Print Issue Volume 101 - Issue 3

The Death of the Firm

This Article maintains that the decision in Burwell v. Hobby Lobby, which referred to the corporation as a legal fiction designed to serve the interests of the people behind it, signals the “death of the firm” as a unit of legal analysis in which business entities are treated as more than the sum of their parts and appropriate partners to advance not just commercial, but public ends. The Hobby Lobby reference to the firm as a fiction is a product of a decades-long shift in the treatment of corporations. This shift reflects both an ideological embrace of the free-market-oriented “agency-cost” school of corporate analysis and a material change from the brick-and-mortar corporations of the industrial era to the network-like operations of the technological age. As “the firm,” that is, the corporate form used to structure most business organizations, becomes less dependent on fixed supply chains and hard-to-assemble labor forces, the networks that determine employee motivation, security, and career mobility also change.
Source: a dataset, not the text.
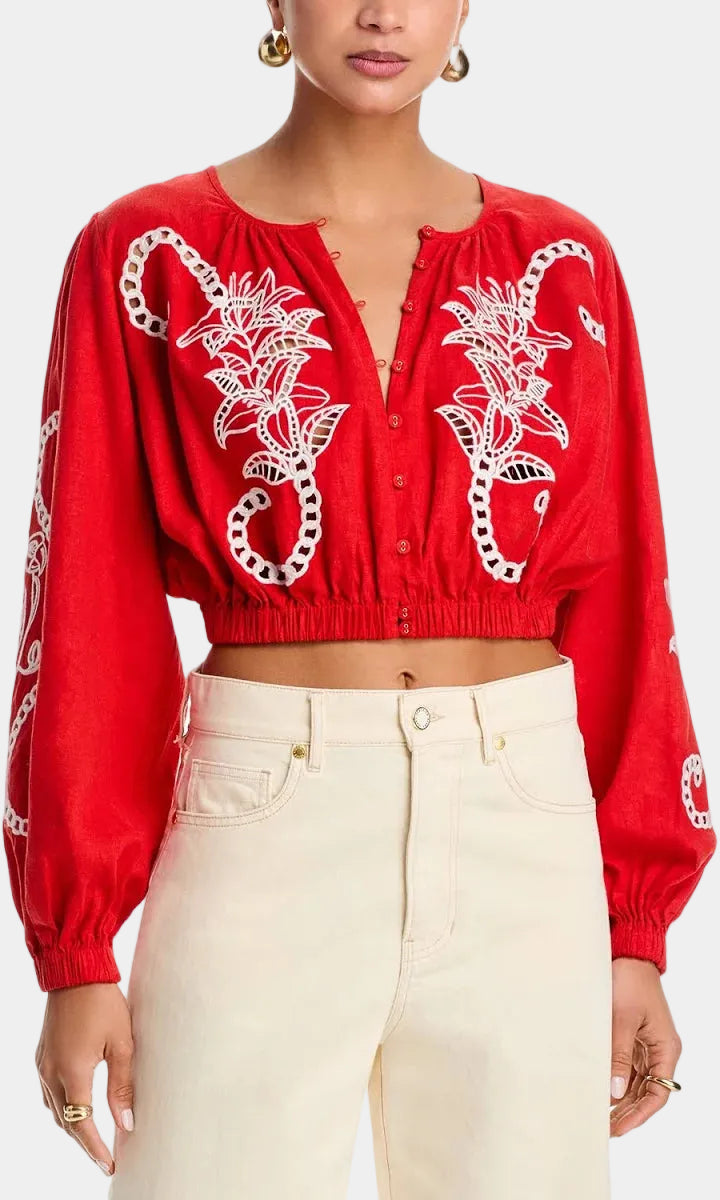 FARM Rio Richelieu Long Sleeve Top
These shifts fundamentally alter the relationship of people to companies, as owners, executives, shareholders, and employees all become more mobile. This Article is the first to link the Supreme Court’s revised conception of the firm to the role of the state. If Hobby Lobby owners have the First Amendment right to choose for their employees what publicly subsidized health care benefits to make available, the corollary should be that individuals should not be dependent on employers for access to basic public benefits. The new networked era should encourage individual as well as corporate flexibility.